Bu durum derin yaralar bıraktı. Almanya’nın imalat çıktısı, 2017’deki zirvesinden bu yana yüzde 14 düştü. Danışmanlık şirketi Ernst & Young’a göre sanayi sektörü 2019’dan bu yana işlerinin yaklaşık yüzde 5’ini kaybetti. Otomotiv sektörü ise aynı dönemde pozisyonlarının yaklaşık yüzde 13’ünü yitirdi. Baskıyı hisseden şirketlerden biri Herrenknecht. Aile şirketi olan bu firma, dünyanın en gelişmiş tünel açma makinelerinden bazılarını üretiyor ve işletiyor. Yüksekliği 19 metreye kadar çıkan bu kazıcılar, ilerlerken borular, kablolar ve kaplamalar döşeyebilen, en sert kayaları bile kemirerek ilerleyen minyatür fabrikalar gibi.

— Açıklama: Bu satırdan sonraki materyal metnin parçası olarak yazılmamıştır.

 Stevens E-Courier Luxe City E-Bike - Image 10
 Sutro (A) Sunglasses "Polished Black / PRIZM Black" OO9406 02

Çin dünya gücü statüsüne yükselmeye başladığında, yerel yetkililer en büyük altyapı projeleri için Herrenknecht’e yönelmişti. Ancak bir dizi satın almanın ardından, Çinli rakipler bugün küresel pazara hakim durumda. Şirket sözcüsü Anja Heckendorf, “Özellikle devlet sübvansiyonlu Çinli tedarikçilerden gelen artan rekabet baskısı altındayız” dedi. Heckendorf’a göre şirket şimdi Hindistan gibi yeni pazarlara yöneliyor ve daha büyük ve daha karmaşık projelere odaklanıyor. Aynı zamanda Çinli rakiplere karşı antidamping soruşturmaları ve yerel tedarikçilere öncelik verecek “önce Avrupa” yaklaşımı çağrısında bulunuyor.